震災、原発事故から間もなく2年を迎えようとしている。

この間、2年経てば除染や損害賠償はある程度進んでいるものと予想していたが、現状は種々の課題が山積し、厳しい状況が続いていると言わざるを得ない。特に損害賠償の問題については弁護士、弁護士会が果たさなければならない役割も大きく、当会もこれまでの成果を検証しつつ更なる取組みの強化を図って行く所存である。

ところで、当会は昨年2012年2月の通常総会で「速やかに、原子力発電所を廃止し、自然エネルギーへの転換を実現することを求める」決議を採択した。

今回の事故によって、もともとの放射性物質の危険性とともに放射性廃棄物処理の困難さが白日の下にさらされた。2011年3月11日以降の福島第一原子力発電所の壊滅的な状況を目の当りにし、原発から降りかかった放射性物質により甚大な被害を蒙った福島県民の目から見れば、すべての原発をできる限り速やかに廃止し、国が今後原発に頼らないエネルギー政策を推進するべきであることは当然である。

加えて、もともと日本は太平洋プレート、北米プレート、ユーラシアプレート、フィリピン海プレートの境目に位置し、大規模な地震が発生し易い場所であるからこそあれだけの地震が発生したことが明らかとなっている。複雑な配管などの集合体とも言える原子力発電所が、あれ程のあるいはあのときを超える大規模な地震の前に常に安全を保っていられるとは到底考えられない。

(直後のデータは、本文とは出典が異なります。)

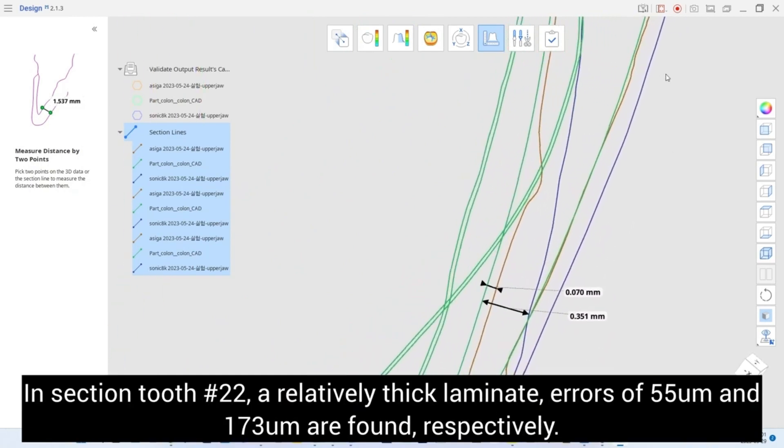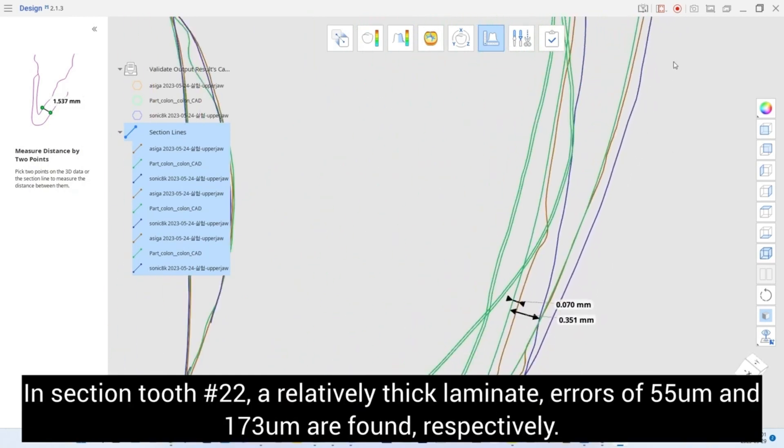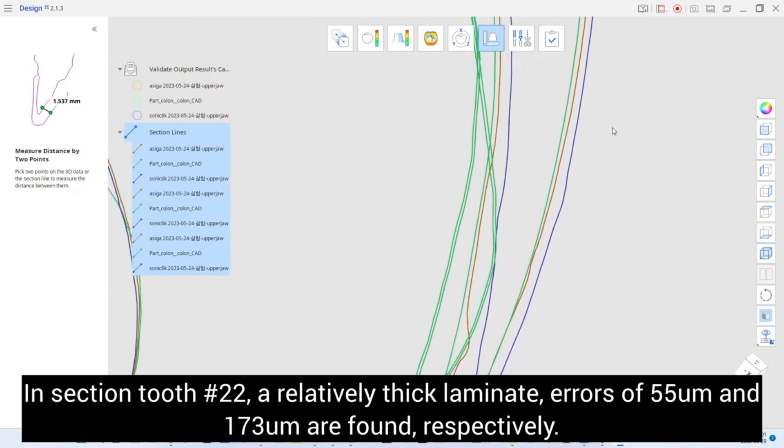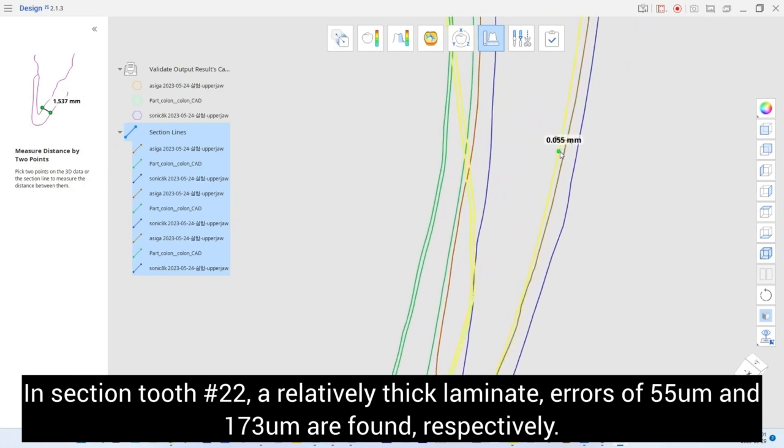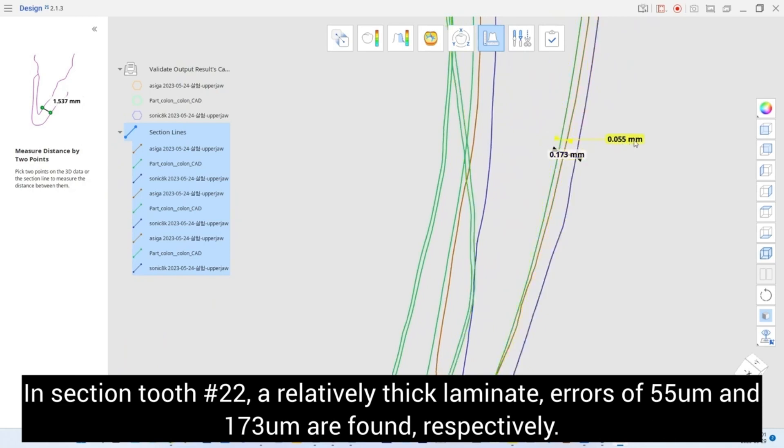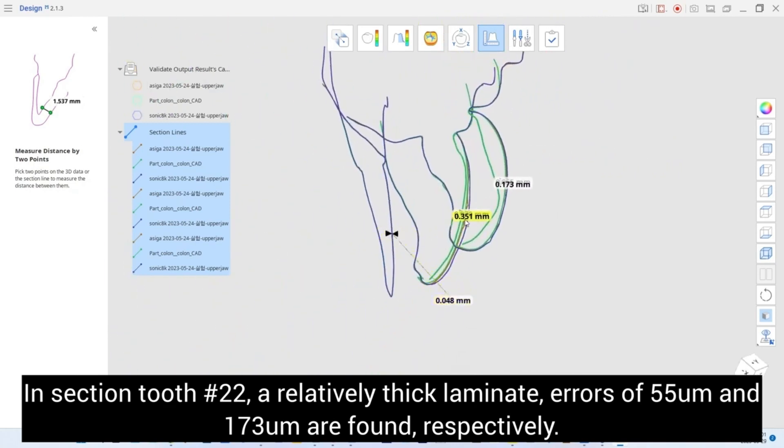In section tooth number 22, a relatively thin laminate, errors of 55 micrometers and 173 micrometers are found, respectively.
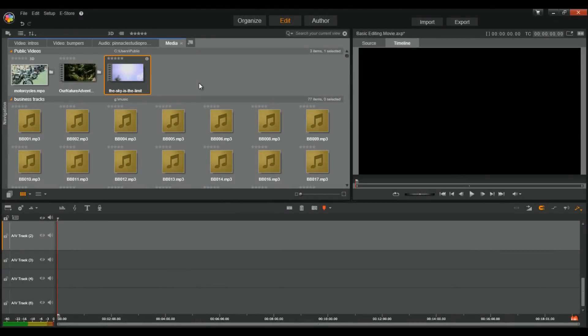Alright Pinnacle Peeps, here we are in Pinnacle Studio 17 Ultimate. Let's jump right into the 411 with a discussion on Importing Files.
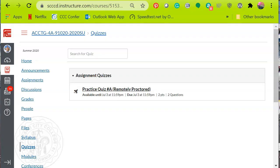This video will cover how to start the proctoring process for students. Depending upon your instructor, you should have access to a quiz that will allow you to show your ID and all of your testing items so that your exam can be proctored remotely.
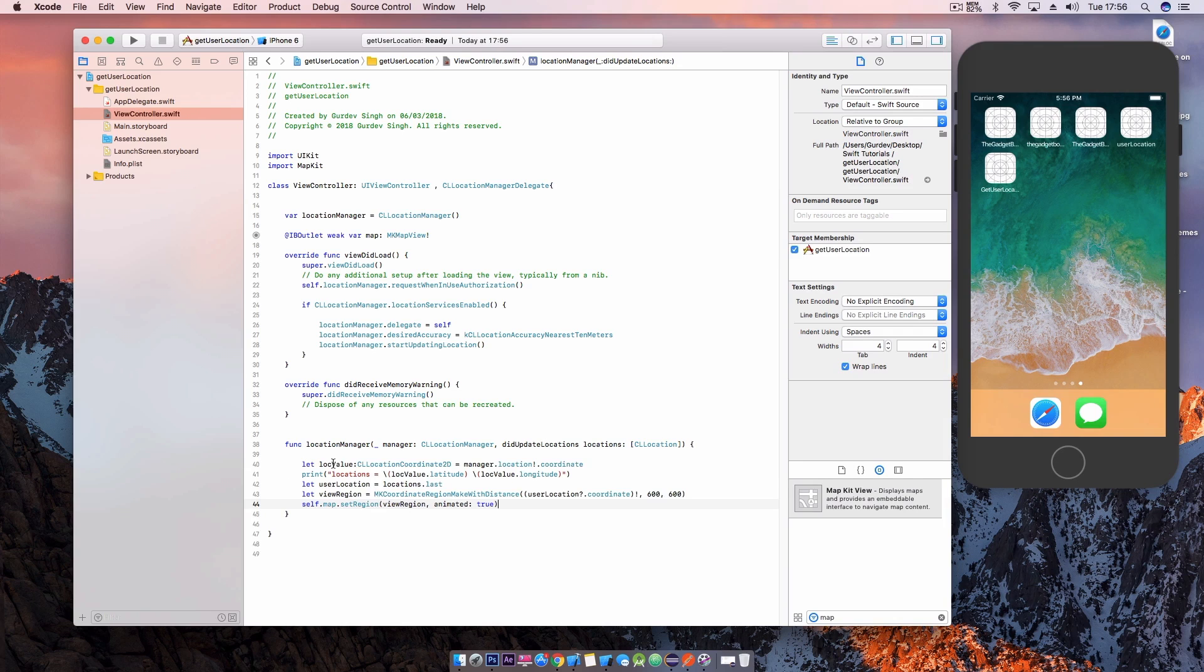So inside this method we're going to get the location, we're going to print it, and get the user location and set that location to the map.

また、原子力発電所は、廃炉作業においてはもちろん、通常運転時でもそこに携る誰かが法律が定める被曝許容限度の範囲内で、場合によって実態としてはそれを超えて被曝労働を引受けなければ稼働し続けられないものであることも、決して軽視できない事実である。

昨今、日本経済は低迷して閉塞感が漂っており、ともすると経済再生が優先され、これだけの被害を引起こした原発事故の惨過が忘れ去られ、原子力発電に頼らない政策への転換が置き去りにされようとしている。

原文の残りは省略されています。